Work item:
The line holding "Lorex C861MB Beltéri/Kültéri" is the last one to output; start at the first line of the data, keep every line in between exactly, and leave out pictures.

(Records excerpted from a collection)
#####

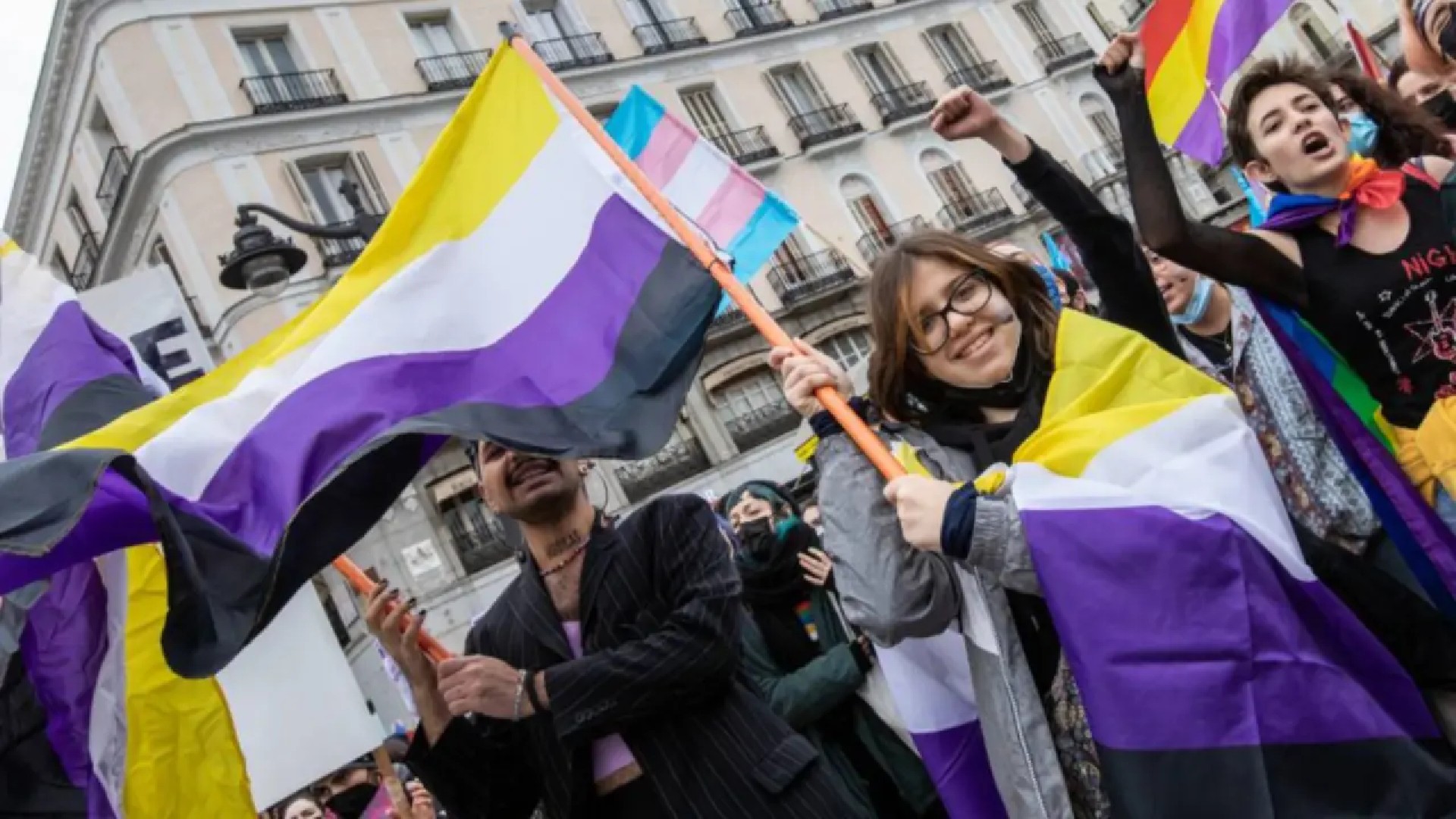 día internacional de las personas no binarias 14 de julio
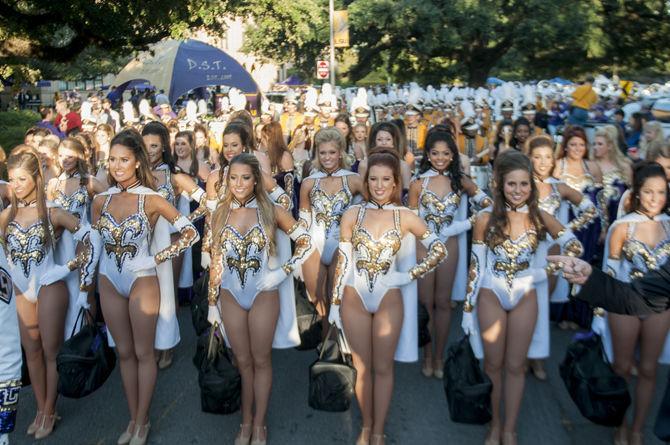 Saintsations, Tiger Girls, Golden Girls reflect on experience, friendships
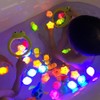 Play with the Bath! LED Flashing Goldfish Scooping Set, Fishing,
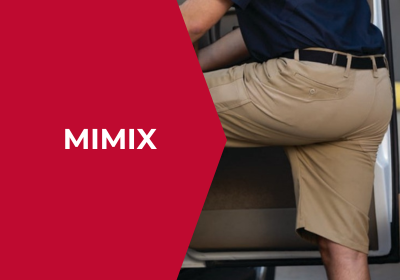 mimix work shorts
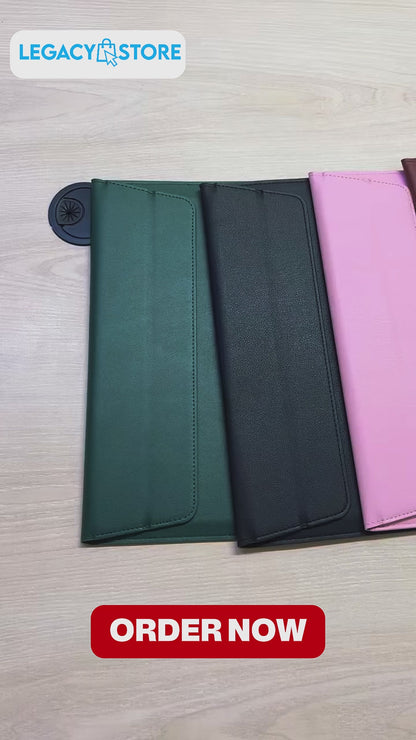 Professional PU Leather Laptop Sleeve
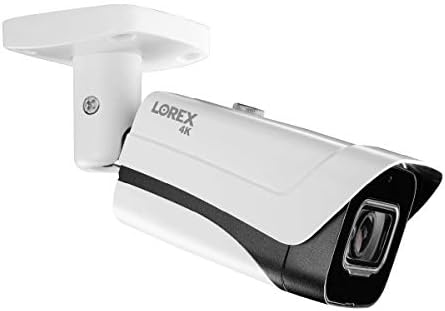 Lorex C861MB Beltéri/Kültéri 4K Ultra HD Analóg Fém Biztonsági Bullet Kamera, 2.8 mm, 135ft IR éjjellátó, Éjjel látó kamera,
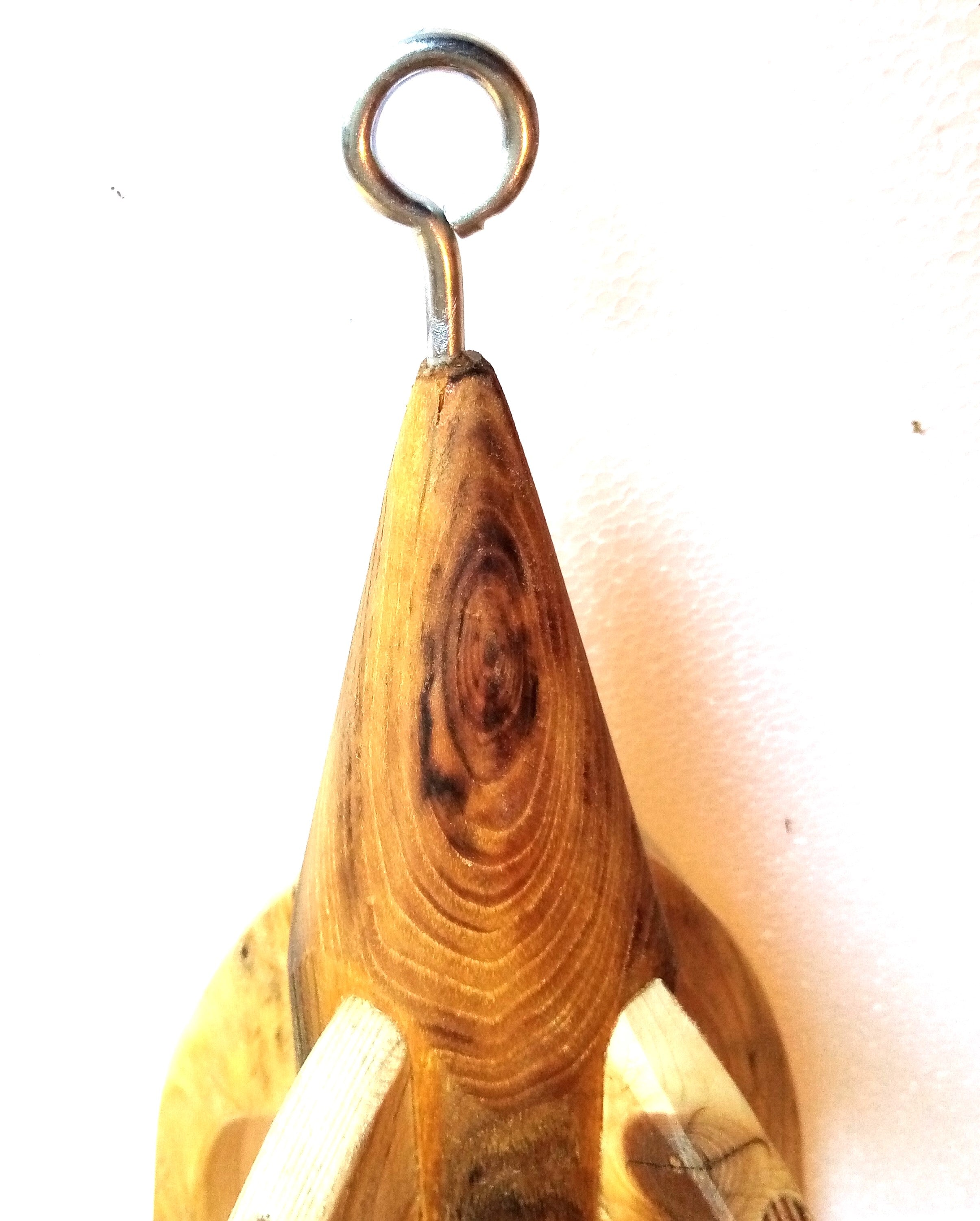 Suspension pour Plantes en Bois Design - H50cm x L28cm - S023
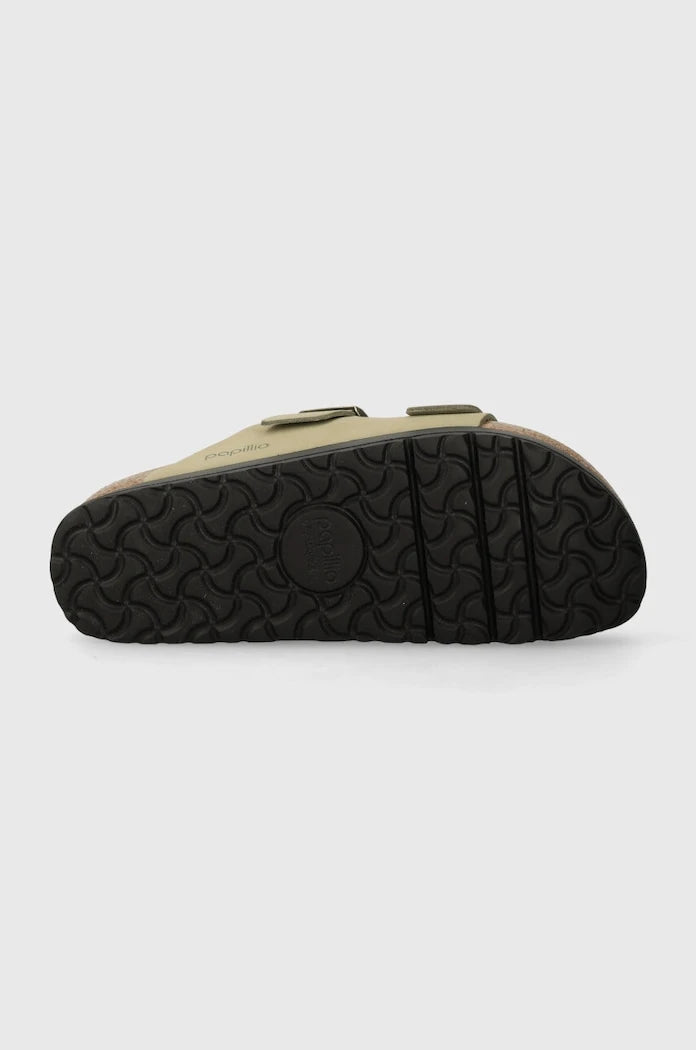 Чехли от набук Birkenstock Arizona Platform Flex Birkenstock x Papillio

#####

Answer space:
 día internacional de las personas no binarias 14 de julio
 Saintsations, Tiger Girls, Golden Girls reflect on experience, friendships
 Play with the Bath! LED Flashing Goldfish Scooping Set, Fishing,
 mimix work shorts
 Professional PU Leather Laptop Sleeve
 Lorex C861MB Beltéri/Kültéri 4K Ultra HD Analóg Fém Biztonsági Bullet Kamera, 2.8 mm, 135ft IR éjjellátó, Éjjel látó kamera,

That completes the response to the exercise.